ACTION ITEM: Pictures are to be left out; every line from the one that holds "4215 Balcony Dr — Photo 28" to the end of the data is to be retyped exactly.
▶
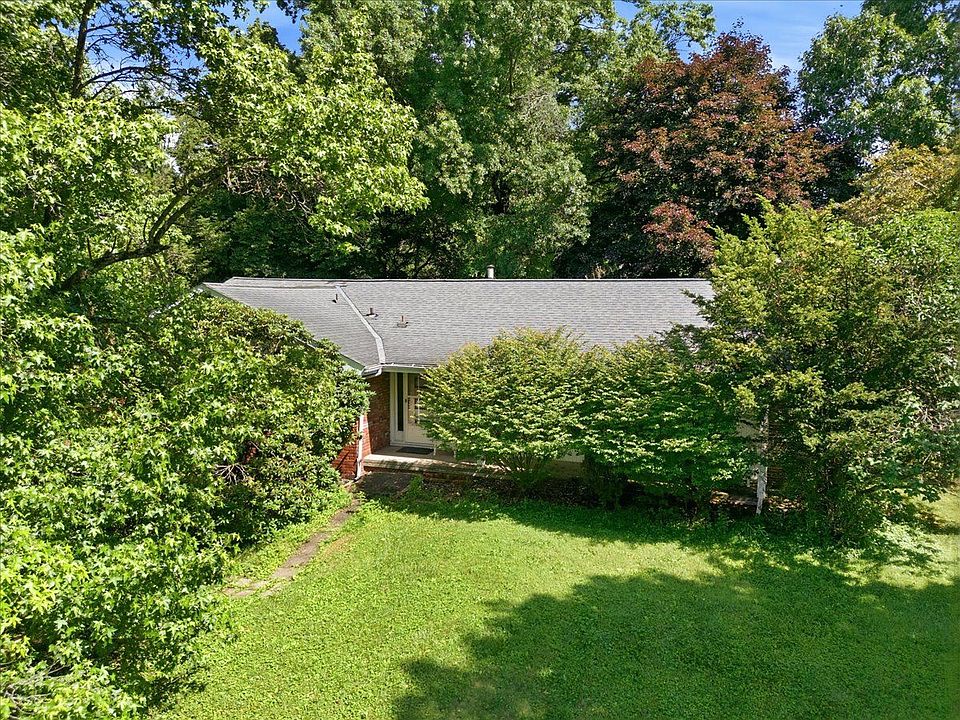 1st image of 115 Meadowvue Dr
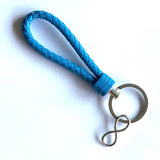 Llavero azul claro con colgante deportivo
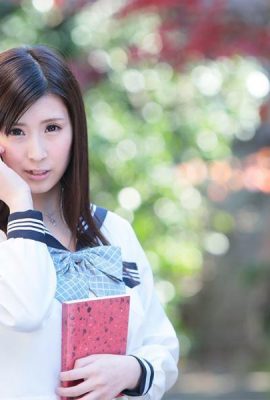 Excelentes habilidades de actuación, a veces una estudiante, a veces una esposa, diferentes estilos, igual tentación (16p)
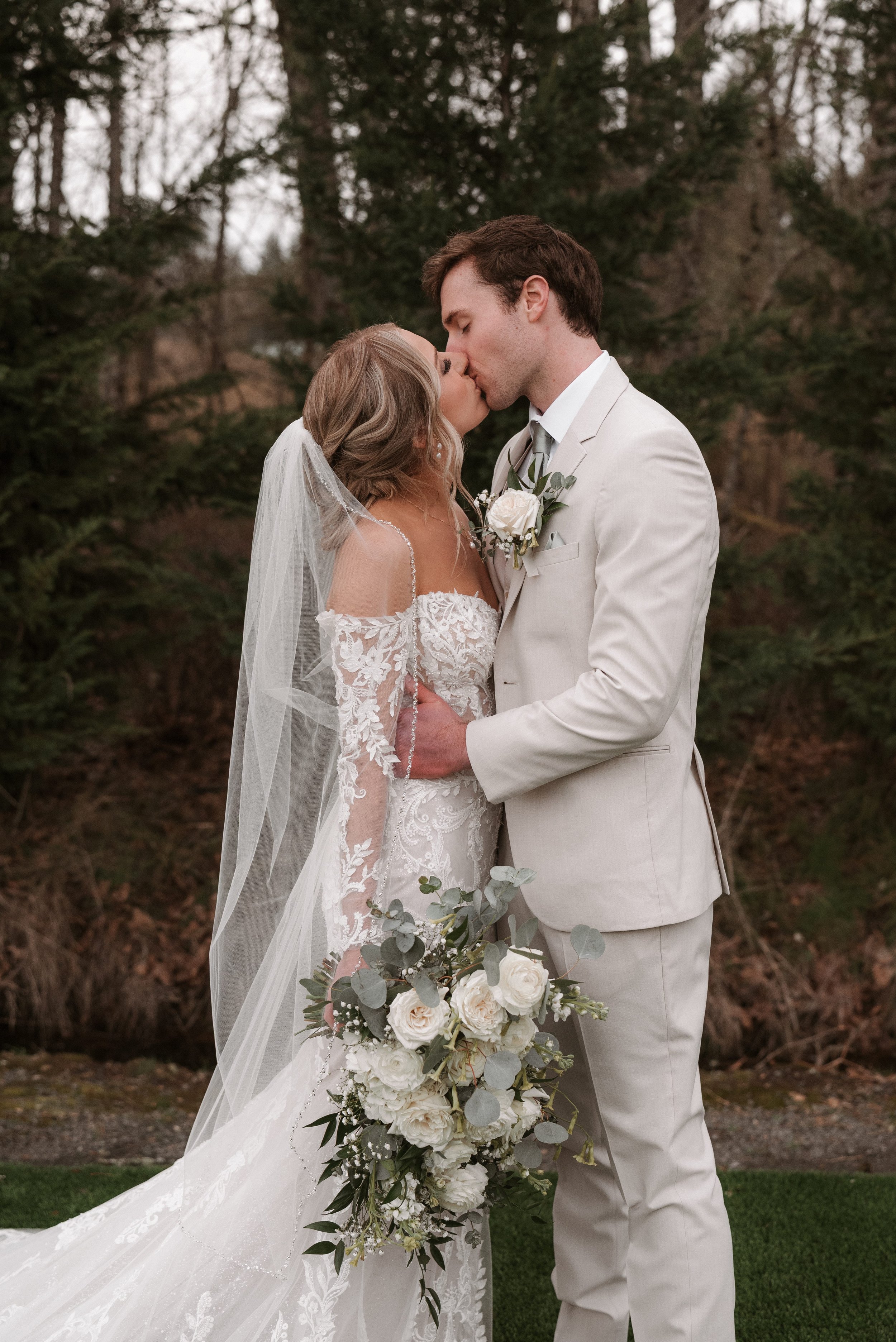 A Sunny January Wedding at Sage &amp; Social | Winter Wedding in Oregon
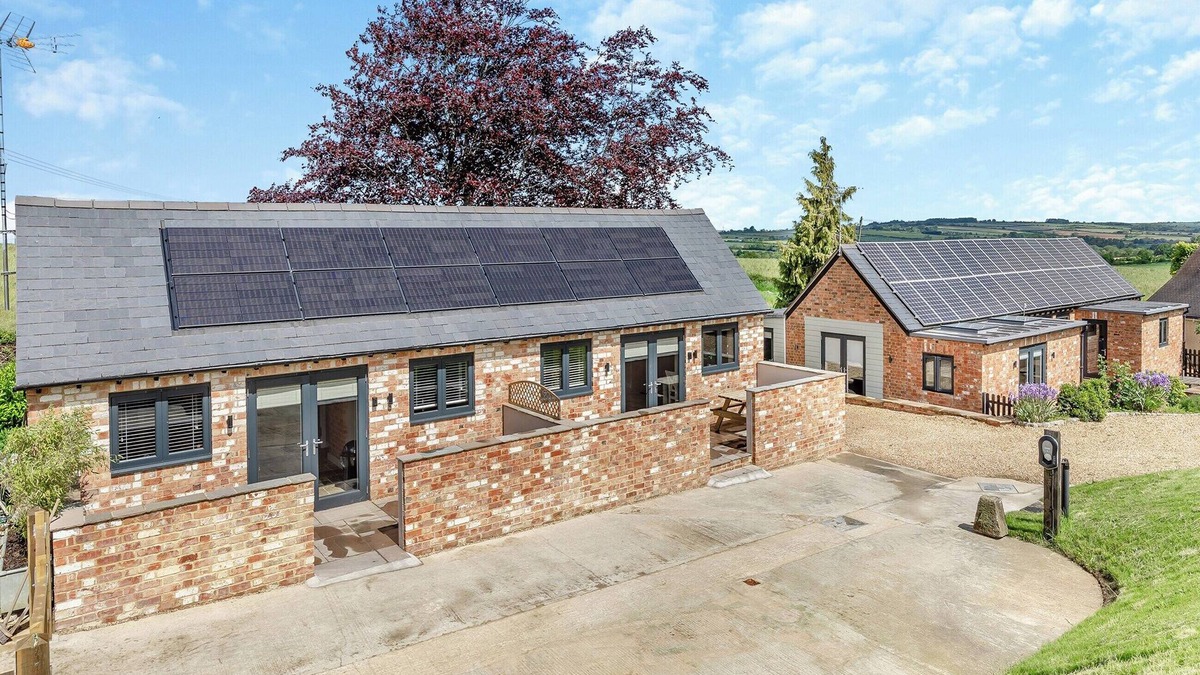 Chipping Norton Cottage | The Old Stables 1 - UK46682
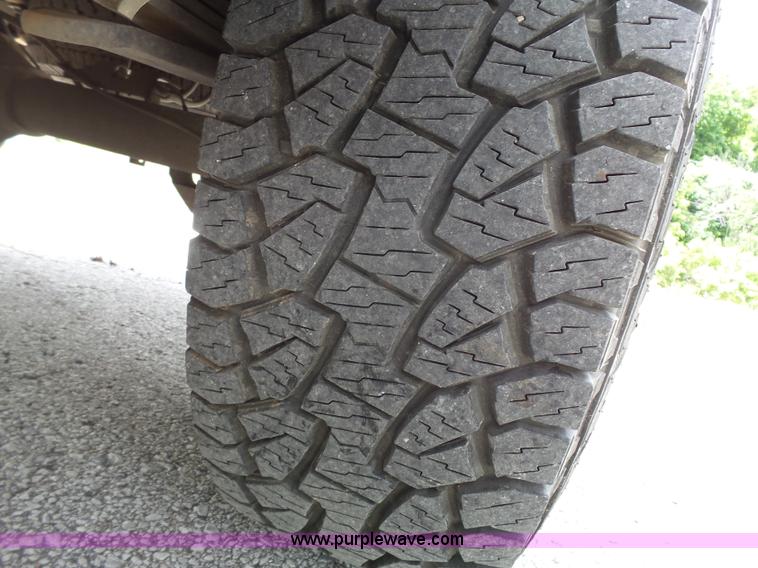 image for item J4952 2005 Nissan Titan Crew Cab pickup truck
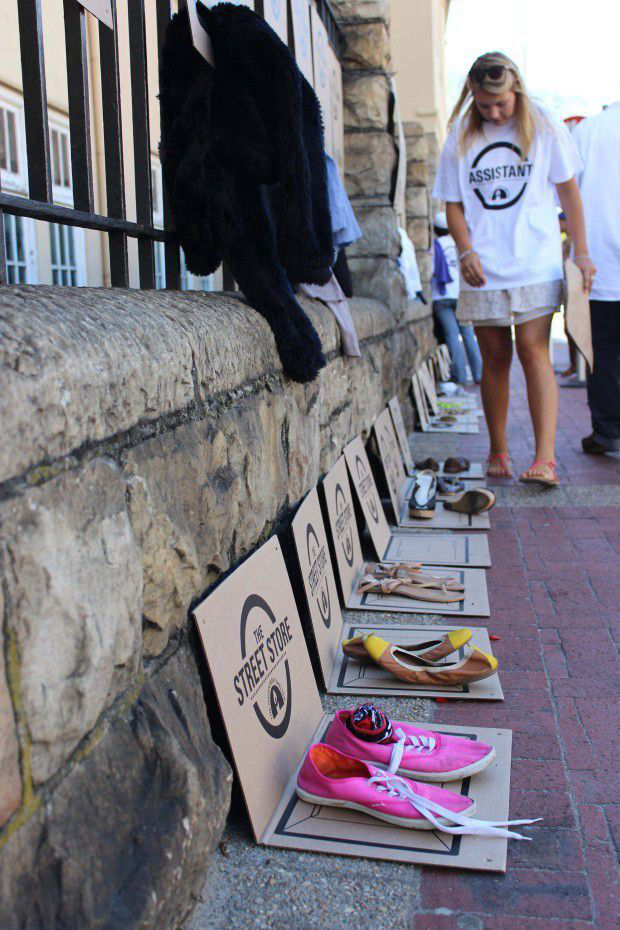 街头捐赠商店,保护受助人尊严(图6) 街头捐赠商店,保护受助人尊严(图6)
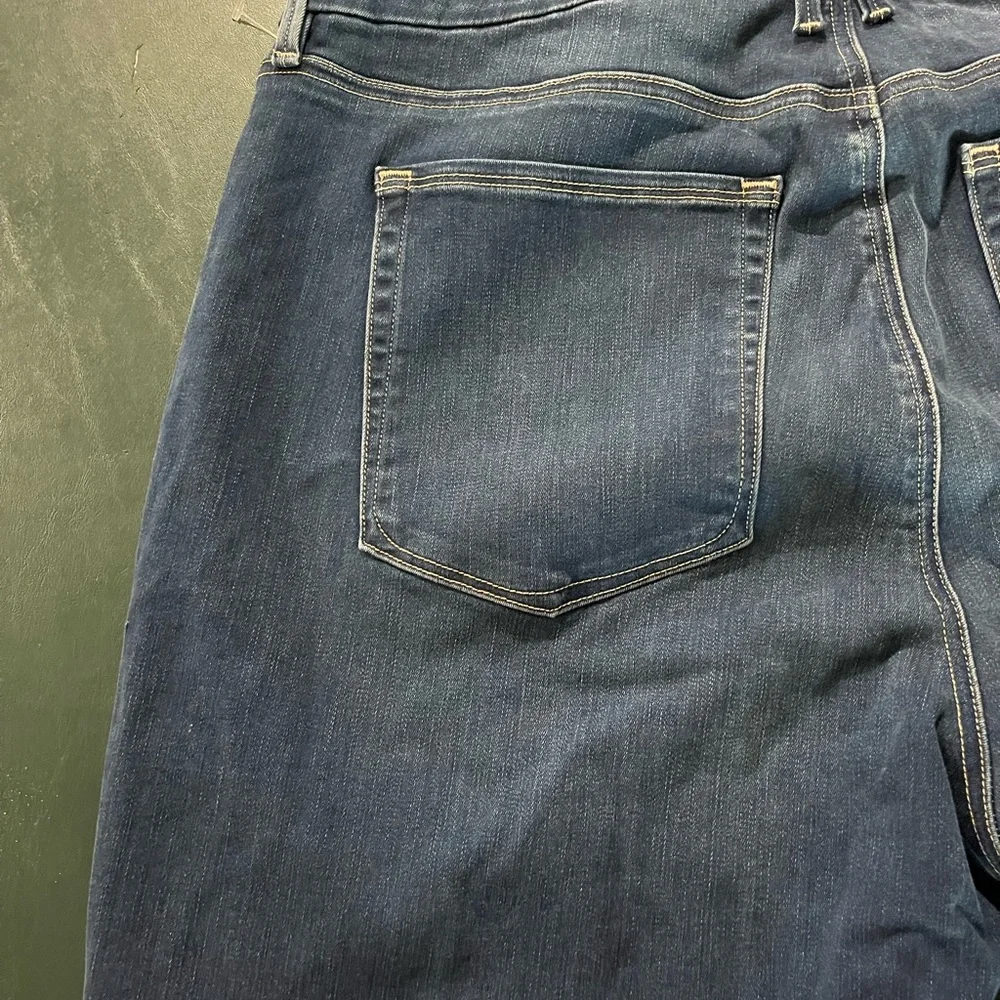 BNWT Plus size Good American straight leg jeans size 18 petite - Picture 11 of 13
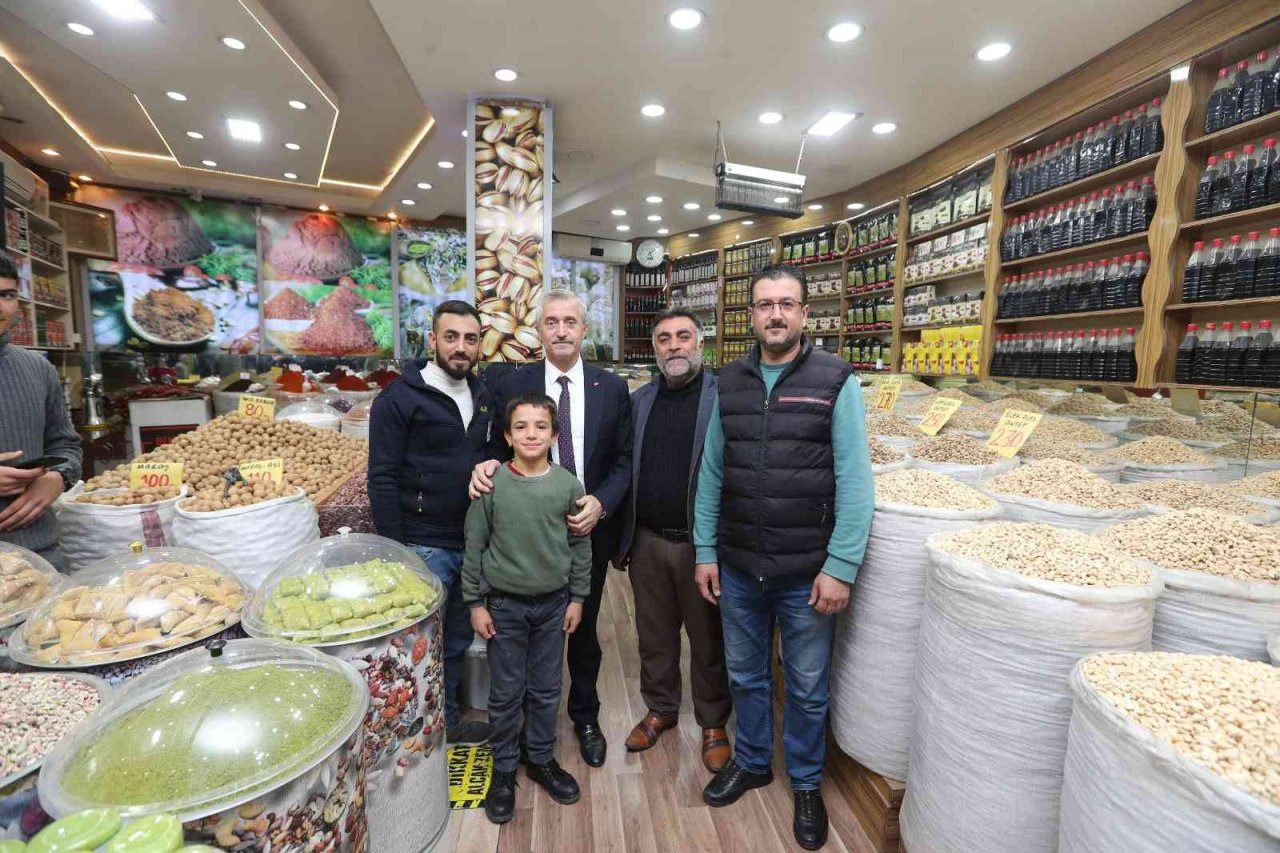 Tahmazoğlu, esnafla bir arada
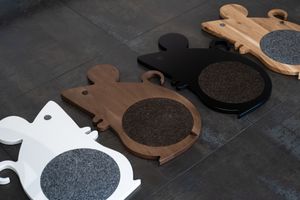 Cat Scratcher Mouse Black White Natural Walnut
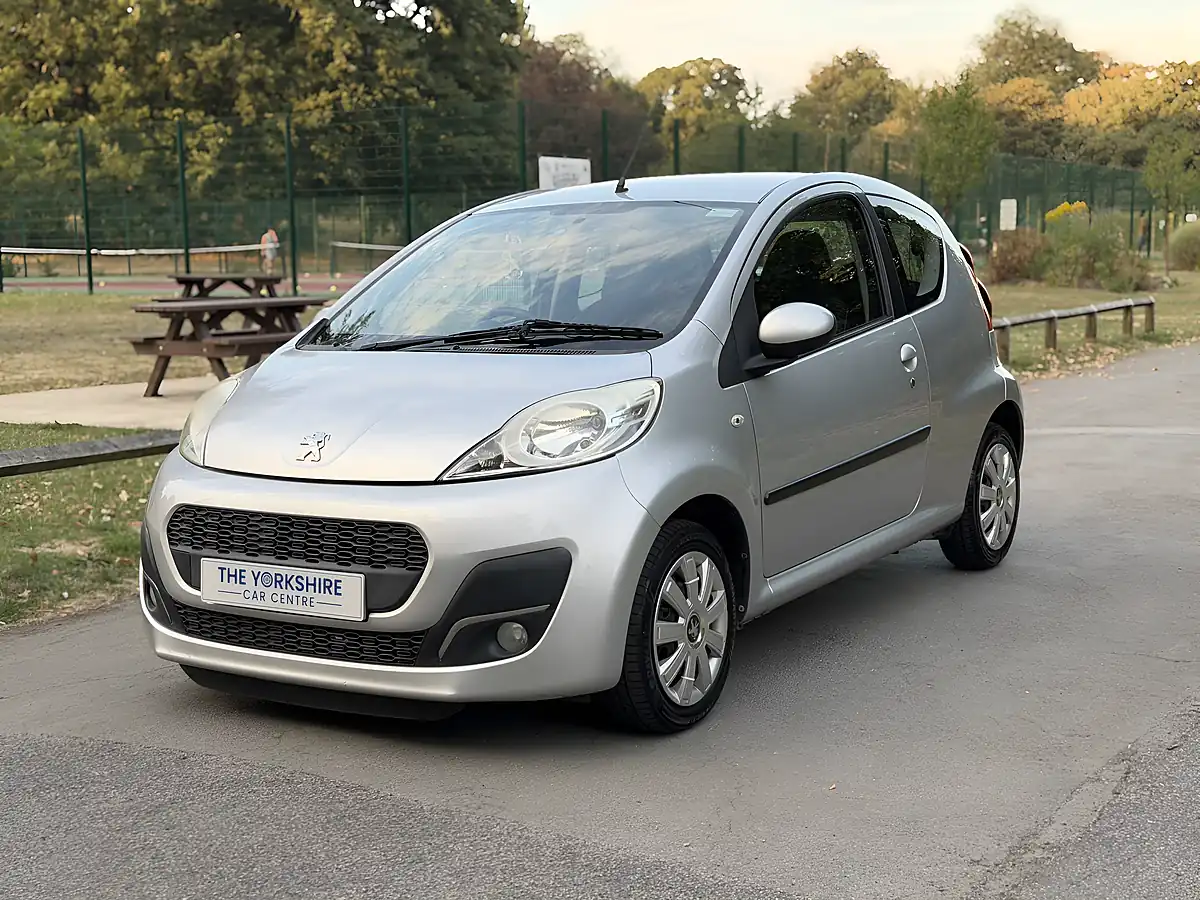 Used 2013 Peugeot 107 Active Silver - Interior and Exterior details 3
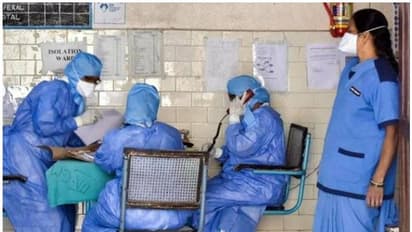 കടുത്ത നടപടിയുമായി യുപി; 15 ജില്ലകളിലെ തീവ്രബാധിത മേഖലകള് പൂര്ണ്ണമായി അടയ്ക്കും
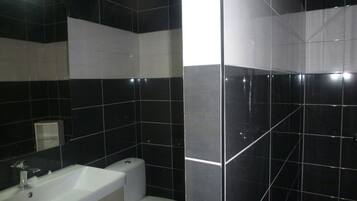 Bruser, hårtørrer, håndklæder, Toiletpapir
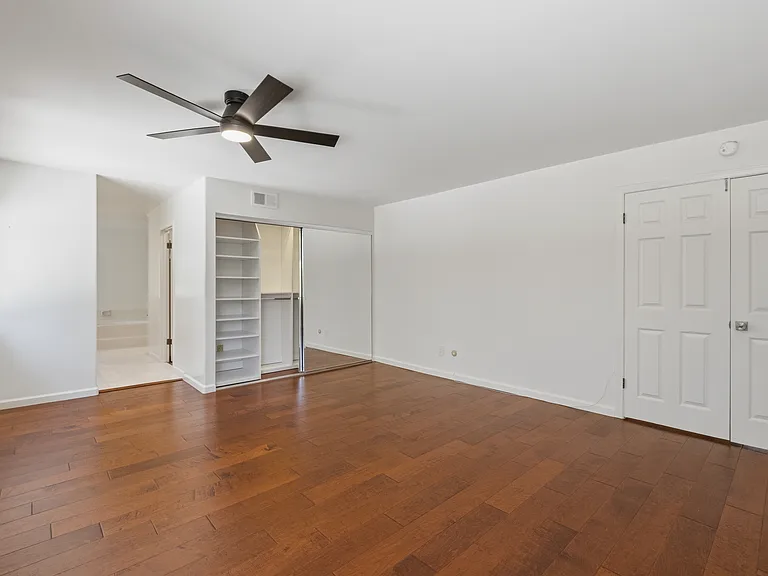 4215 Balcony Dr — Photo 28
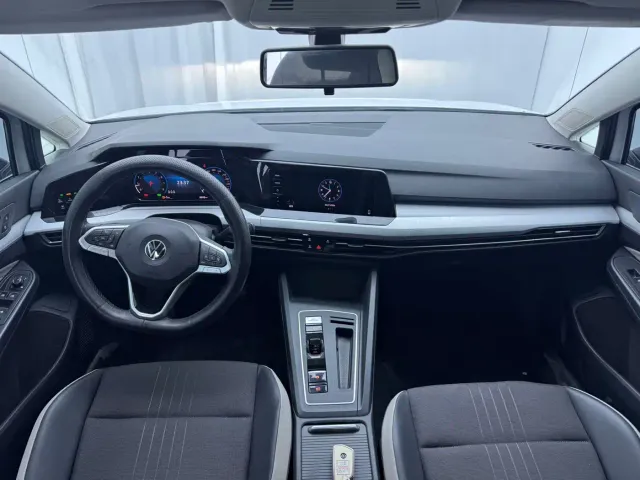 Volkswagen Golf — Фото автомобиля 13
◀
EXERCISE RESPONSE:
 4215 Balcony Dr — Photo 28
 Volkswagen Golf — Фото автомобиля 13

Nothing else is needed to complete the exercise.